Going line by line through the entries, count those containing "Warga" and state only the result.

Scraped caption text data ->

┄┄┄┄┄┄

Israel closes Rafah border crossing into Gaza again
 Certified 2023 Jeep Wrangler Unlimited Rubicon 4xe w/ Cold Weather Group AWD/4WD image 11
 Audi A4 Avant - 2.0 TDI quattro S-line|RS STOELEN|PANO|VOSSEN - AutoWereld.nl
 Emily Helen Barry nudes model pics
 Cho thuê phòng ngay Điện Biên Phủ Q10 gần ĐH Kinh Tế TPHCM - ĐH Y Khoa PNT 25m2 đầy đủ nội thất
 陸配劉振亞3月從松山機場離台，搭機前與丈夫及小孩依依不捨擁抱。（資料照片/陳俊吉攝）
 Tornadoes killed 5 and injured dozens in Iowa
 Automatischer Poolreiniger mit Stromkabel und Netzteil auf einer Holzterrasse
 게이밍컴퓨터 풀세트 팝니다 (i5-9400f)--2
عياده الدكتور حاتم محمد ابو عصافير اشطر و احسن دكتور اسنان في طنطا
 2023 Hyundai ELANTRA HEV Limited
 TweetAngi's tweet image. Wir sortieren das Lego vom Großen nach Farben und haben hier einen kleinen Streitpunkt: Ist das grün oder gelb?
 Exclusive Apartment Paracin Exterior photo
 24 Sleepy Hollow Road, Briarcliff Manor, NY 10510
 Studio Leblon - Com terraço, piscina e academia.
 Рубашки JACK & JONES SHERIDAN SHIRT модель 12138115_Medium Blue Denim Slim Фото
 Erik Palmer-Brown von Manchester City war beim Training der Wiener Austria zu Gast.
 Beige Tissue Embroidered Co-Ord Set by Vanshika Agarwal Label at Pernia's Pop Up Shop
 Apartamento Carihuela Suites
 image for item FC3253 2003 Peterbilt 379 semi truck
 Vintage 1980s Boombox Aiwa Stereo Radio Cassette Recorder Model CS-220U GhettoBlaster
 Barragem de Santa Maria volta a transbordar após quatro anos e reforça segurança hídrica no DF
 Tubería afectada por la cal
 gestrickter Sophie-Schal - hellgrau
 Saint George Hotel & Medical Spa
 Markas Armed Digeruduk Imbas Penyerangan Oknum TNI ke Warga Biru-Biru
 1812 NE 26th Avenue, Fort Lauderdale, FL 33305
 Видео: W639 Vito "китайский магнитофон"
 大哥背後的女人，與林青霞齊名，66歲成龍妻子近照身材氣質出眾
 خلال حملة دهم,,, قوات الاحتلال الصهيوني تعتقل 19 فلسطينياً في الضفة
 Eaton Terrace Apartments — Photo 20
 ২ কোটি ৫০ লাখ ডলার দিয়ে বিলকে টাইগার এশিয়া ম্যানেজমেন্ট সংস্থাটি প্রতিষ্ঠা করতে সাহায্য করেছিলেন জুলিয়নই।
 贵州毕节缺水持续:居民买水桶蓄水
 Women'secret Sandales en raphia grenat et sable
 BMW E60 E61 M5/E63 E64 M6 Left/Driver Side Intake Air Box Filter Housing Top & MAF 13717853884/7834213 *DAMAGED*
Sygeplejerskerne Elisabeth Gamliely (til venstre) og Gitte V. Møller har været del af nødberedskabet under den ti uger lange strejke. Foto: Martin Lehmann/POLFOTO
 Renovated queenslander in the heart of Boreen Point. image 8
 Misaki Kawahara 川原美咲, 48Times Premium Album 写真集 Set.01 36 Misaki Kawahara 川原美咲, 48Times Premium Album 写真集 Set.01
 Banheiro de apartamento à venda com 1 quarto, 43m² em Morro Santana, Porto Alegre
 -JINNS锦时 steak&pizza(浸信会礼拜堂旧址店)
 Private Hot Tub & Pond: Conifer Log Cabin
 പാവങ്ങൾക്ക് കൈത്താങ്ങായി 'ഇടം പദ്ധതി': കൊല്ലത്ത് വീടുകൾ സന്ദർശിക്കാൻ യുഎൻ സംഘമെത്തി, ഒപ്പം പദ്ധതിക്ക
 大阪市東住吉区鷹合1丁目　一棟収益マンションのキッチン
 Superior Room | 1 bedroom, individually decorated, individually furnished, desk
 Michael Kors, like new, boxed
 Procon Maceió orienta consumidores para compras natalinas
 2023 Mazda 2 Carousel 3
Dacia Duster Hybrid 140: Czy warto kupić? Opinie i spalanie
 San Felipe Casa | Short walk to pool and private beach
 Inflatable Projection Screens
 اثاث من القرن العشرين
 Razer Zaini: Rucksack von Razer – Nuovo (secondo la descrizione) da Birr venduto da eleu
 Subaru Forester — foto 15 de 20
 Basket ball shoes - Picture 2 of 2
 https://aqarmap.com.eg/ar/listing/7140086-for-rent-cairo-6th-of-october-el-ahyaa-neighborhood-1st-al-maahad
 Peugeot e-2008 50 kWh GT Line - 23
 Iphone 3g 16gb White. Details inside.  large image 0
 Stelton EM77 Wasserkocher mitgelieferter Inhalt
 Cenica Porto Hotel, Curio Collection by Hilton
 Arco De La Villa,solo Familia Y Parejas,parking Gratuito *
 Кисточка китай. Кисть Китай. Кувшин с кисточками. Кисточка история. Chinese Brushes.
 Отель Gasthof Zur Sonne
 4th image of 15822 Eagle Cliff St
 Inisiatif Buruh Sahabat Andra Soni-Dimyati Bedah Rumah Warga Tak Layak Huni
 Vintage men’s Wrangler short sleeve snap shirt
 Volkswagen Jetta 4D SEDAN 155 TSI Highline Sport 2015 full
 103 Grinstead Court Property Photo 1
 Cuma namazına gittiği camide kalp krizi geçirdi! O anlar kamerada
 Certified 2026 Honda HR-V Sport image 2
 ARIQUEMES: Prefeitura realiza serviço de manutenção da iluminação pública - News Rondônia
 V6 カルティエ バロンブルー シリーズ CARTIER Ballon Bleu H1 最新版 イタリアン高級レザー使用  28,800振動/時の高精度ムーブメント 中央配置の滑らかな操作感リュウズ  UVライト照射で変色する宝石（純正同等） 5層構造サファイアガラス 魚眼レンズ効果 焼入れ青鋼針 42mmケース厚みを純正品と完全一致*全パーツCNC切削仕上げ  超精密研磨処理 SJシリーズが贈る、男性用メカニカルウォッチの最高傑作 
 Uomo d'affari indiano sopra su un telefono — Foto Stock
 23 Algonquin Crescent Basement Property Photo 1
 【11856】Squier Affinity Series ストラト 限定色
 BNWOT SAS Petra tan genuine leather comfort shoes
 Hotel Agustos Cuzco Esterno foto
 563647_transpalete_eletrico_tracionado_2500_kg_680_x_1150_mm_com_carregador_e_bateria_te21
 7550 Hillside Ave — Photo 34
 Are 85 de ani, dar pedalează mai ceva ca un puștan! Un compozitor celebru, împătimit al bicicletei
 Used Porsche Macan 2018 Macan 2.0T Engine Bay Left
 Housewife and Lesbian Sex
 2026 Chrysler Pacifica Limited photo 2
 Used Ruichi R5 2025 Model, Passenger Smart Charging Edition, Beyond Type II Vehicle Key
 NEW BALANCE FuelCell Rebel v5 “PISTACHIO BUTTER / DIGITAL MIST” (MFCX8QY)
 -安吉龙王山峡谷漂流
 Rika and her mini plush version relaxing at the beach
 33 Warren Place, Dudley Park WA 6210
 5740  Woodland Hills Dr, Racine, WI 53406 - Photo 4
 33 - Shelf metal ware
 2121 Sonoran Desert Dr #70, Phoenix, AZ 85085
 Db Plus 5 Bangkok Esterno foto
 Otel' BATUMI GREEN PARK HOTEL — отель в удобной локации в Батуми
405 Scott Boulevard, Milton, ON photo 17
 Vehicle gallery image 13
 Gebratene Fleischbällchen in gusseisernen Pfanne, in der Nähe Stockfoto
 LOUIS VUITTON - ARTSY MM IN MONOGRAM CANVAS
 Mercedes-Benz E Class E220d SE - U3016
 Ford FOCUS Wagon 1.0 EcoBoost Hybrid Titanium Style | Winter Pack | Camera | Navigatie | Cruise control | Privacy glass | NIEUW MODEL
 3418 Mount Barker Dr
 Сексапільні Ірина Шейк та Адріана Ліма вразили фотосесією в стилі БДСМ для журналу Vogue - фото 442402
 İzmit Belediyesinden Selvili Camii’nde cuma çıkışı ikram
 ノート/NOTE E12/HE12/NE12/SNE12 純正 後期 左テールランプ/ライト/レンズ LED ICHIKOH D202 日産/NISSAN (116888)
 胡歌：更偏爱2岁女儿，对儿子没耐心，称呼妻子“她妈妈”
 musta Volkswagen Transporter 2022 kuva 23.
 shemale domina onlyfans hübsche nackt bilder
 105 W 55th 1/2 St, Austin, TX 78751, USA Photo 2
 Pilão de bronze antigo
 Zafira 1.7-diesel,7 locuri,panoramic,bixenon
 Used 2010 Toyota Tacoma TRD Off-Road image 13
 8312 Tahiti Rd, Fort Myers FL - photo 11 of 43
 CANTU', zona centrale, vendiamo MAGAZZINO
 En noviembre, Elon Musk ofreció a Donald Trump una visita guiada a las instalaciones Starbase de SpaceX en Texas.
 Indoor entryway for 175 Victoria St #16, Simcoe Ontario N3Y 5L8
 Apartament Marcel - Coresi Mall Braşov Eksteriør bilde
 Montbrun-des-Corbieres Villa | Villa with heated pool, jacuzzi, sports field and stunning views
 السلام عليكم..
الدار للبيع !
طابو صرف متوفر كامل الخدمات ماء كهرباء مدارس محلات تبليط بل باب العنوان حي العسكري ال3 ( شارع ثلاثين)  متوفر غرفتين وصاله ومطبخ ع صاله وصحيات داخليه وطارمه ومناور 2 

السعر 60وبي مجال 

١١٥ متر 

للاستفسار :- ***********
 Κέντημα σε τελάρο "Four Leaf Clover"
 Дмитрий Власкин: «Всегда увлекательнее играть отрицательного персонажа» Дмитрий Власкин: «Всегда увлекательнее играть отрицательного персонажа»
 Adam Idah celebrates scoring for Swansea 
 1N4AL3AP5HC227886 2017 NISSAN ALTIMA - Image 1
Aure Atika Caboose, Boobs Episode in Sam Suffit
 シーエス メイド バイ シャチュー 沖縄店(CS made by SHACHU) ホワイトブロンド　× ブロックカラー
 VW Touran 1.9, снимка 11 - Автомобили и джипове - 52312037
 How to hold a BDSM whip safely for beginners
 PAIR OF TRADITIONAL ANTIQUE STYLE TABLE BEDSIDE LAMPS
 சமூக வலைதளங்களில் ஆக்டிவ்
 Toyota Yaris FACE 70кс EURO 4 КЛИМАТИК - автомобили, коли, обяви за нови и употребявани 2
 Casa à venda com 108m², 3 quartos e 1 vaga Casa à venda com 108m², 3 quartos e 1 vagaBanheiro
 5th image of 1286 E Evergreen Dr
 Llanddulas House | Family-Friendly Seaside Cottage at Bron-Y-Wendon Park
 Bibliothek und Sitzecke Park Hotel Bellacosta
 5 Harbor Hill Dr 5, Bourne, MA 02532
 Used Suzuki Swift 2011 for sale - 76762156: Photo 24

┄┄┄┄┄┄

Exercise solution -> 2